# EXERCISE GOAL
Of the records that follow, copy only the lines from the line containing "פינ גרשון דייויד בלאט" to the line containing "Texas A&M Aggies Team Pride Bird Feeder", both included, exactly as written.

# INFORMATION PROVIDED
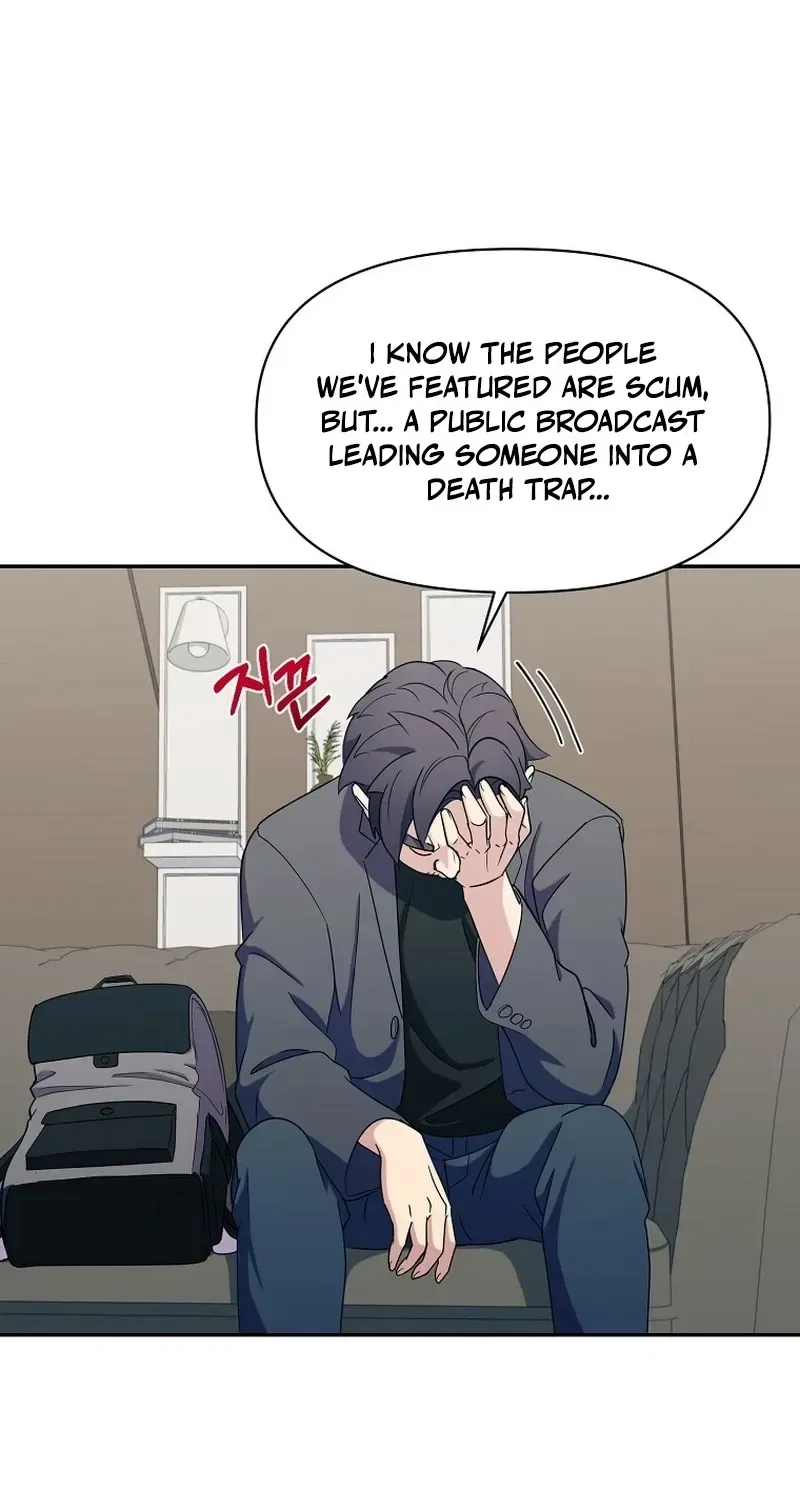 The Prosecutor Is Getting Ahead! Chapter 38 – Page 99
* * *
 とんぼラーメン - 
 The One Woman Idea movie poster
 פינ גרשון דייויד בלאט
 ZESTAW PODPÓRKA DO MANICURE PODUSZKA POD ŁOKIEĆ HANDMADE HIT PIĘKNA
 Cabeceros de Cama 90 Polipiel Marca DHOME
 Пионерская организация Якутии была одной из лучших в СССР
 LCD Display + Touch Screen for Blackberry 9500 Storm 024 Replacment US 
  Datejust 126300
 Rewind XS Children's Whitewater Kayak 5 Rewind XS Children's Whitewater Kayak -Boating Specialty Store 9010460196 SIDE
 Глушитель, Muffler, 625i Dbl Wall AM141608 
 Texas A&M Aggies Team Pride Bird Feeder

# RESULT OF THE TASK
 פינ גרשון דייויד בלאט
 ZESTAW PODPÓRKA DO MANICURE PODUSZKA POD ŁOKIEĆ HANDMADE HIT PIĘKNA
 Cabeceros de Cama 90 Polipiel Marca DHOME
 Пионерская организация Якутии была одной из лучших в СССР
 LCD Display + Touch Screen for Blackberry 9500 Storm 024 Replacment US 
  Datejust 126300
 Rewind XS Children's Whitewater Kayak 5 Rewind XS Children's Whitewater Kayak -Boating Specialty Store 9010460196 SIDE
 Глушитель, Muffler, 625i Dbl Wall AM141608 
 Texas A&M Aggies Team Pride Bird Feeder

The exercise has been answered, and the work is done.